Madeline Secco

Personal information
- Full name: Madeline Rose Secco
- Born: 15 March 1994 (age 32) Victoria, British Columbia
- Height: 163 cm (5 ft 4 in)
- Weight: 60 kg (132 lb)

Sport
- Sport: Field hockey
- Position: Attacker

National team
- Years: Team / Caps / Goals
- 2011–: Canada / 107 / -

Medal record
Women's field hockey
Representing Canada
Pan American Games
| Silver medal – second place | 2019 Lima | Team |
| Bronze medal – third place | 2015 Toronto | Team |
Pan American Cup
| Bronze medal – third place | 2013 Mendoza |  |
| Bronze medal – third place | 2022 Santiago |  |

= Madeline Secco =

Canadian field hockey player

Madeline Secco (born 15 March 1994) is a Canadian women's field hockey player.

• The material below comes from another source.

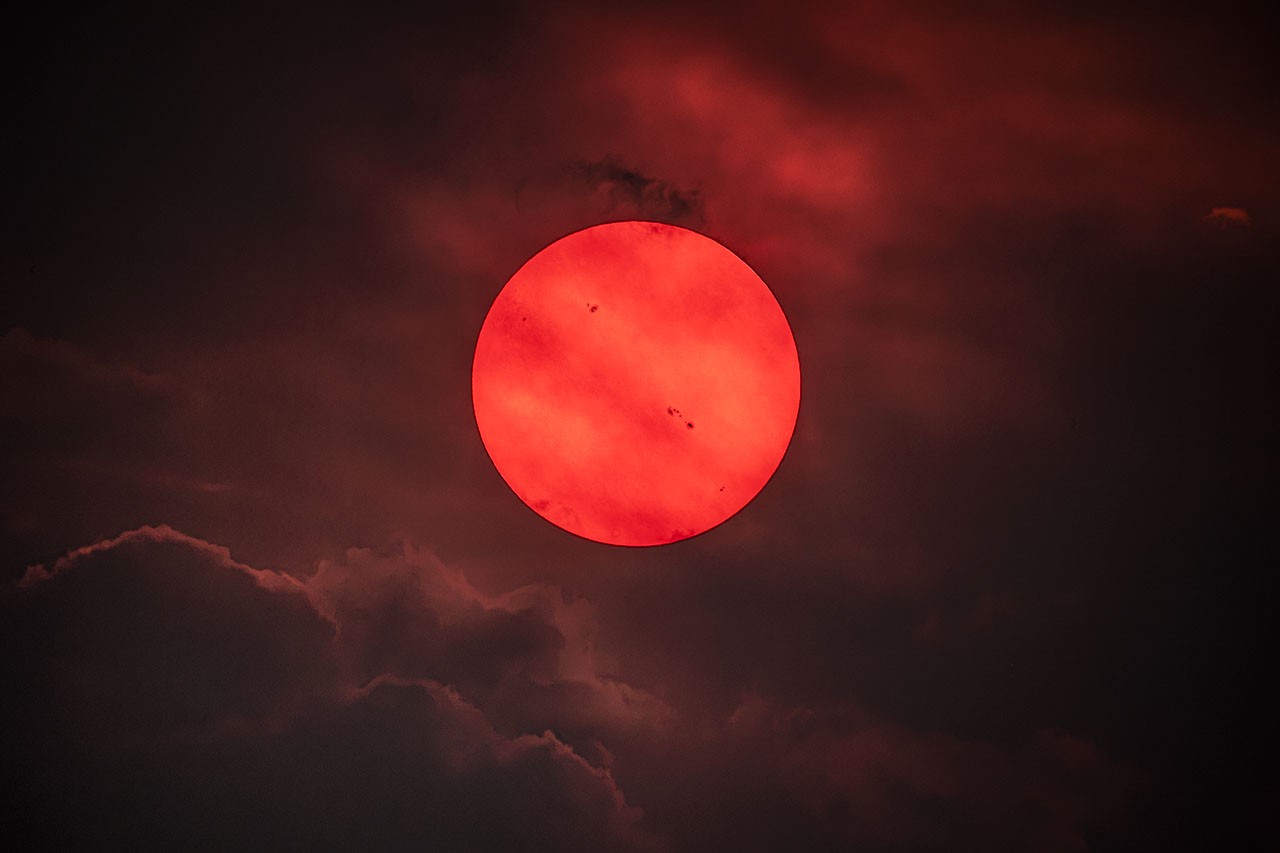 APOD: 2026 July 30 - Red Sun trough Wildfire Smoke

Secco first represented Canada in 2011, and has become a mainstay in the national team since. She has competed at one Pan American Games and two Pan American Cups, taking home a bronze medal from each.

In 2018, Secco represented Canada at the 2018 Commonwealth Games in Gold Coast, Australia. The Canadian team finished in 5th place, and Secco scored two goals at the tournament.